В «Классе коррекции» роли матерей специально писались под Павленкову и Лапшину. Очень хотелось их вместе задействовать. Лапшина сказала: «Я к тебе пойду, если будет Наташка Павленкова». – «Так она уже есть, утверждена. Теперь вы должны прийти». Так я их столкнул вместе. И, соответственно, когда начал думать о «Зоологии», у меня не было никого, кроме Павленковой, даже не пытался искать, неинтересно совершенно. Только с ней – и все, больше ни с кем. Я ее понимаю, чувствую, мы можем вообще все делать молча.
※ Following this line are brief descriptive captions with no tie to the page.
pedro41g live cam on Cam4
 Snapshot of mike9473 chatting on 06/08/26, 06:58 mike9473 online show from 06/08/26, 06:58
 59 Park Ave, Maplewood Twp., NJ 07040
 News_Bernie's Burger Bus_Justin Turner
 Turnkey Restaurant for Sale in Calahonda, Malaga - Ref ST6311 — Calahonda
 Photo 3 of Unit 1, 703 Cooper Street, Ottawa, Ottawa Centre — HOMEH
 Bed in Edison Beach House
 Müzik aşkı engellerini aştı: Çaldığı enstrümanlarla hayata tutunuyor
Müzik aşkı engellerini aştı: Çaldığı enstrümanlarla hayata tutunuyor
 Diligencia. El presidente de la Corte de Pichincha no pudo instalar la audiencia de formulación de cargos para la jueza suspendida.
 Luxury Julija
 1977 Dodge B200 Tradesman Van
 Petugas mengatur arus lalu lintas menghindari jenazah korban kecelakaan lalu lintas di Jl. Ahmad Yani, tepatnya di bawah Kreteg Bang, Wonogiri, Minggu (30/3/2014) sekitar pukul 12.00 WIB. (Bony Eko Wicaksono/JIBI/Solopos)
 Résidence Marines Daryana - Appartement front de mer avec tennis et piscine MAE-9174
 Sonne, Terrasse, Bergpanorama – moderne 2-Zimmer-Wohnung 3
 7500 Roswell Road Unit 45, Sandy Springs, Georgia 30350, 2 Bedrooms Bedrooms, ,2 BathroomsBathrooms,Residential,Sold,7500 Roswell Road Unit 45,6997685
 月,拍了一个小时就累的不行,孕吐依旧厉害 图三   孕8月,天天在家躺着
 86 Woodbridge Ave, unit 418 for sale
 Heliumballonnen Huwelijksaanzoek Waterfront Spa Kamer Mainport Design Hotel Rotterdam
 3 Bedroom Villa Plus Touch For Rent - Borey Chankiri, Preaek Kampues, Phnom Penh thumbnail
Режиссер должен понять принцип, как работает актерский организм
Бывали и ошибки в работе с актерами: собственные заблуждения, неумелость, какая-то косолапость режиссерская. У меня был такой опыт, когда я еще учился в институте. Этот фильм, снятый на пленку, слава богу, не вышел, он так и не закончен. Было потрачено много ресурсов, на тот момент для студента очень больших и существенных. Работа называлась «В затоне». Незамысловатая история про молодого парня, который уезжает из родного города. В тот момент, когда он должен уехать, он видит, что его спутница ему изменила. И парень остается навсегда в своем городе. В работе над фильмом было все, чего вообще никогда нельзя делать на съемочной площадке. Школа на всю жизнь пройдена именно на этой картине, потому что было какое-то несусветное количество абсурдных действий с моей стороны, неправильных решений, каждое из которых тянуло следующее неправильное решение. В конце концов это не привело ни к чему. Материал был совершенно чудовищный, все работали, как на тысячный зал, – вот так по-крупному. Там не было никакой органики, никакого натурального существования. При этом не могу сказать, что я с артистами не работал. Мы обсуждали какие-то мелочи и детали, которых нет на экране, и, как ни старайся, их никогда не будет в фильме. Но нам казалось, что вот этот поворот означает то-то, такое-то слово означает для героя то-то, а этого нет в кадре, оно не видно, не понятно. И я думал: для того чтобы хорошо сыграть эти отношения, актеры должны сблизиться и быть действительно парой. И сталкивал их в этом смысле.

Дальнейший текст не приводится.